*** Opening of SOURCE MATERIAL ***

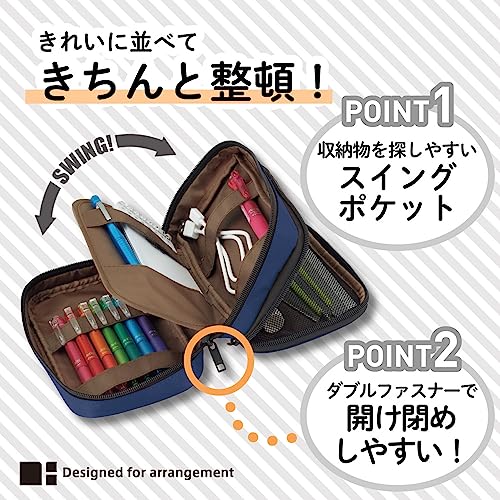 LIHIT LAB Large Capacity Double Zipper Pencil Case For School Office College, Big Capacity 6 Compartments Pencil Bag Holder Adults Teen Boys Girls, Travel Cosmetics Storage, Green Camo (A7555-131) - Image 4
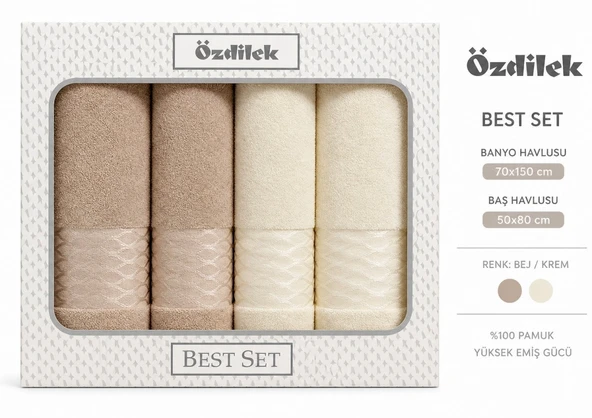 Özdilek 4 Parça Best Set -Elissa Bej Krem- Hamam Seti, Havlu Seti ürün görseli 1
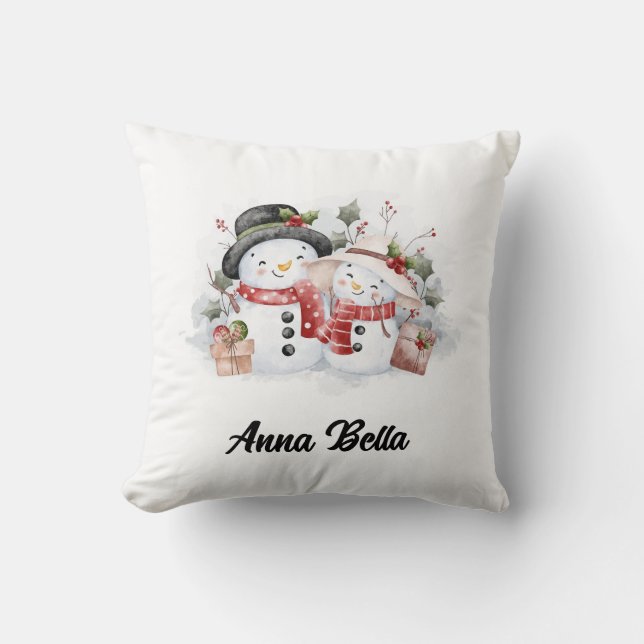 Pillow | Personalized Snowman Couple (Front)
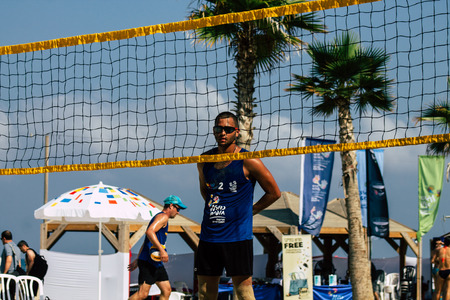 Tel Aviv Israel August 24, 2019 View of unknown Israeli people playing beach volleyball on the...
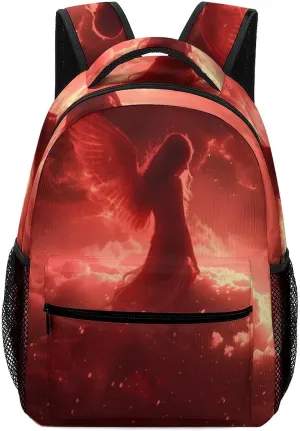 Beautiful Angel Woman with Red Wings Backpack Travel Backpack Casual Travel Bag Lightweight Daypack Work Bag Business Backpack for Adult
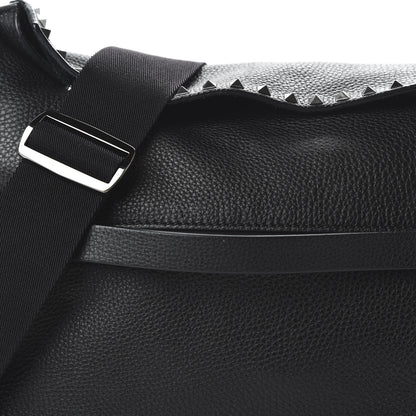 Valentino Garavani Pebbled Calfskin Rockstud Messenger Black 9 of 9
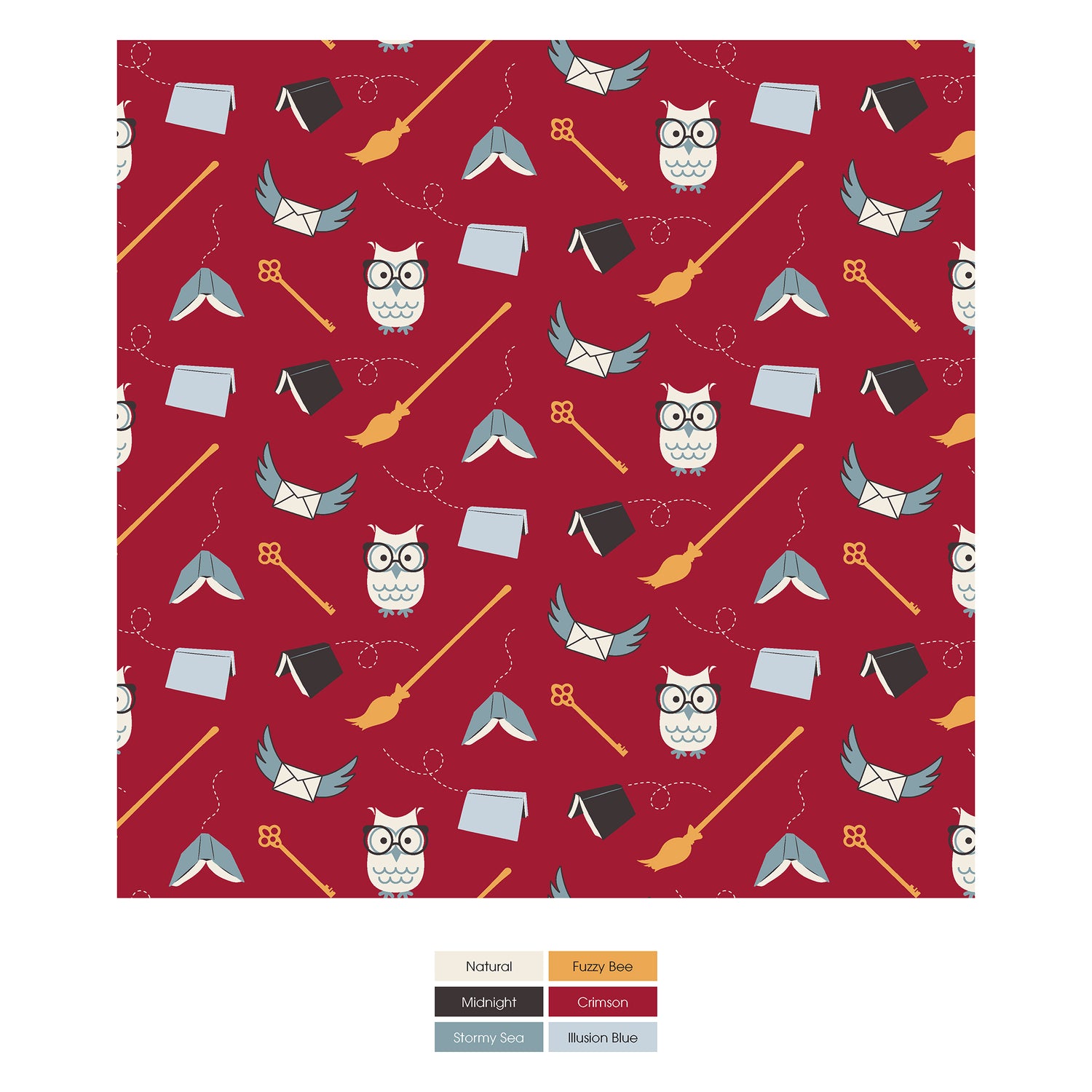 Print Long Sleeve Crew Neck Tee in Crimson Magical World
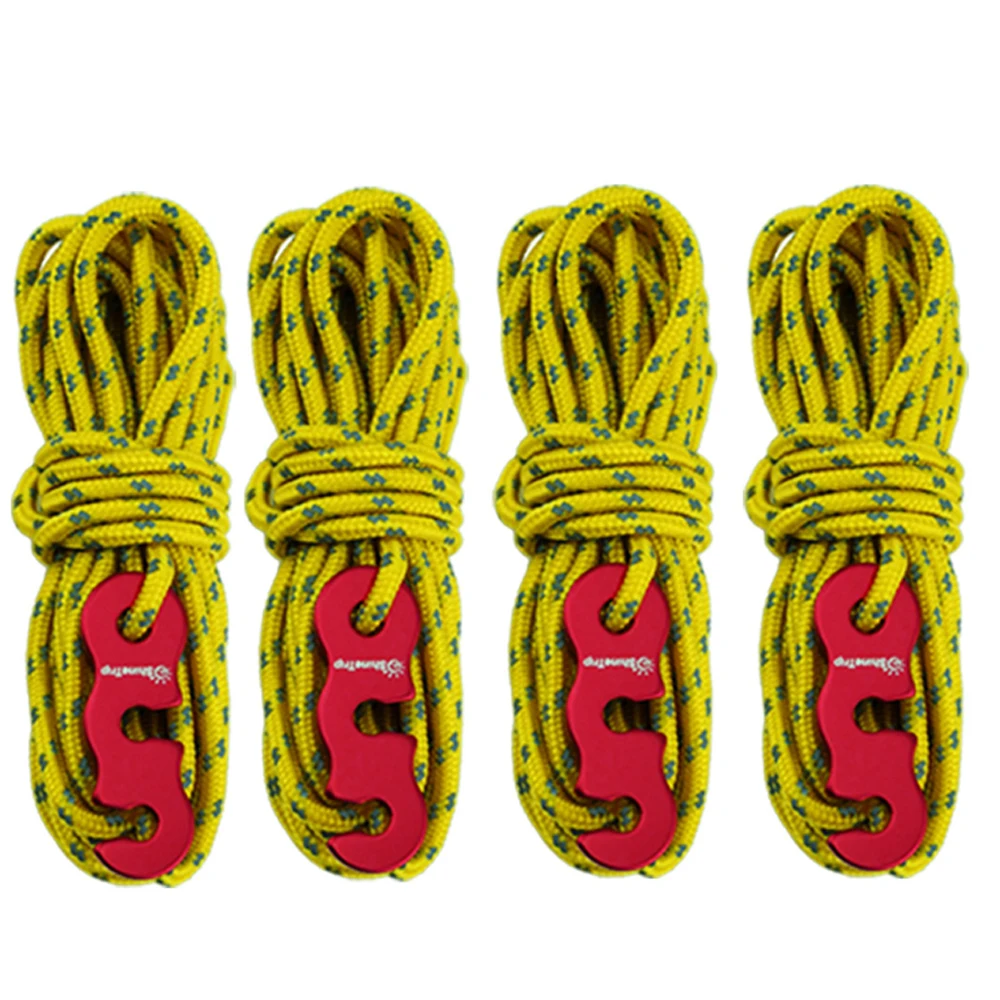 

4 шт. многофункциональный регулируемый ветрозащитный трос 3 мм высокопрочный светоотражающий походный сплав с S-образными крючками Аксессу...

*** Close of SOURCE MATERIAL ***

▶ PROBLEM
Print exactly the lines from the one containing "Valentino Garavani Pebbled" through the last line of the records, both included, and leave out the pictures.

▶ OUTPUT
 Valentino Garavani Pebbled Calfskin Rockstud Messenger Black 9 of 9
 Print Long Sleeve Crew Neck Tee in Crimson Magical World

4 шт. многофункциональный регулируемый ветрозащитный трос 3 мм высокопрочный светоотражающий походный сплав с S-образными крючками Аксессу...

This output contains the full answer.